[Scraped caption text data]
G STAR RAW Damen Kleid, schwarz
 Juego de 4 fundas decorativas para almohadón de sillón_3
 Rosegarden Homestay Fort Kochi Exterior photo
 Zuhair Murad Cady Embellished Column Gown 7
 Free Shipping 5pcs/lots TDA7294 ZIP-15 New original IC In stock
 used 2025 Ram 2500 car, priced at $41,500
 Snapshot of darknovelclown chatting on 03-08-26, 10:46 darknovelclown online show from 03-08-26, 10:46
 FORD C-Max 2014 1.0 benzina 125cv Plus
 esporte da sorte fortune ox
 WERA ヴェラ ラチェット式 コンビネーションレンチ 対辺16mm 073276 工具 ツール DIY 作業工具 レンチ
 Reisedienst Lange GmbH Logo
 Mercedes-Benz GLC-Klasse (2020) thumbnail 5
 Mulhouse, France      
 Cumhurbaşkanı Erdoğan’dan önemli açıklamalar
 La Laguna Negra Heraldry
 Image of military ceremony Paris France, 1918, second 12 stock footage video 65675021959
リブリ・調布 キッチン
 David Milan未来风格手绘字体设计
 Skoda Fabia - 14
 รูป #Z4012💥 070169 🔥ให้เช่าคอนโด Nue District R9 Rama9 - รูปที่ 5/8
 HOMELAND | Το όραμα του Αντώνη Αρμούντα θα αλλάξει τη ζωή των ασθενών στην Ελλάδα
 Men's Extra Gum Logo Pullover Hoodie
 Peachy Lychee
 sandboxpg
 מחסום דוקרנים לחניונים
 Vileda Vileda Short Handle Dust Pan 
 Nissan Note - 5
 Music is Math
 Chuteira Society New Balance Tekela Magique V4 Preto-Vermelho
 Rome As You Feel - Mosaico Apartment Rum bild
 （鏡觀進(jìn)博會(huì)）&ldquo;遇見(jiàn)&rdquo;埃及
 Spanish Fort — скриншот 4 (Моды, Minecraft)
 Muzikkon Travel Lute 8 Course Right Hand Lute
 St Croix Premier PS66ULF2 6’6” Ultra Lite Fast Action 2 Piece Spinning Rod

-- WORK ORDER --
Nothing should be altered. Set down all the data again.

-- OUTPUT FOR THIS TASK --
G STAR RAW Damen Kleid, schwarz
 Juego de 4 fundas decorativas para almohadón de sillón_3
 Rosegarden Homestay Fort Kochi Exterior photo
 Zuhair Murad Cady Embellished Column Gown 7
 Free Shipping 5pcs/lots TDA7294 ZIP-15 New original IC In stock
 used 2025 Ram 2500 car, priced at $41,500
 Snapshot of darknovelclown chatting on 03-08-26, 10:46 darknovelclown online show from 03-08-26, 10:46
 FORD C-Max 2014 1.0 benzina 125cv Plus
 esporte da sorte fortune ox
 WERA ヴェラ ラチェット式 コンビネーションレンチ 対辺16mm 073276 工具 ツール DIY 作業工具 レンチ
 Reisedienst Lange GmbH Logo
 Mercedes-Benz GLC-Klasse (2020) thumbnail 5
 Mulhouse, France      
 Cumhurbaşkanı Erdoğan’dan önemli açıklamalar
 La Laguna Negra Heraldry
 Image of military ceremony Paris France, 1918, second 12 stock footage video 65675021959
リブリ・調布 キッチン
 David Milan未来风格手绘字体设计
 Skoda Fabia - 14
 รูป #Z4012💥 070169 🔥ให้เช่าคอนโด Nue District R9 Rama9 - รูปที่ 5/8
 HOMELAND | Το όραμα του Αντώνη Αρμούντα θα αλλάξει τη ζωή των ασθενών στην Ελλάδα
 Men's Extra Gum Logo Pullover Hoodie
 Peachy Lychee
 sandboxpg
 מחסום דוקרנים לחניונים
 Vileda Vileda Short Handle Dust Pan 
 Nissan Note - 5
 Music is Math
 Chuteira Society New Balance Tekela Magique V4 Preto-Vermelho
 Rome As You Feel - Mosaico Apartment Rum bild
 （鏡觀進(jìn)博會(huì)）&ldquo;遇見(jiàn)&rdquo;埃及
 Spanish Fort — скриншот 4 (Моды, Minecraft)
 Muzikkon Travel Lute 8 Course Right Hand Lute
 St Croix Premier PS66ULF2 6’6” Ultra Lite Fast Action 2 Piece Spinning Rod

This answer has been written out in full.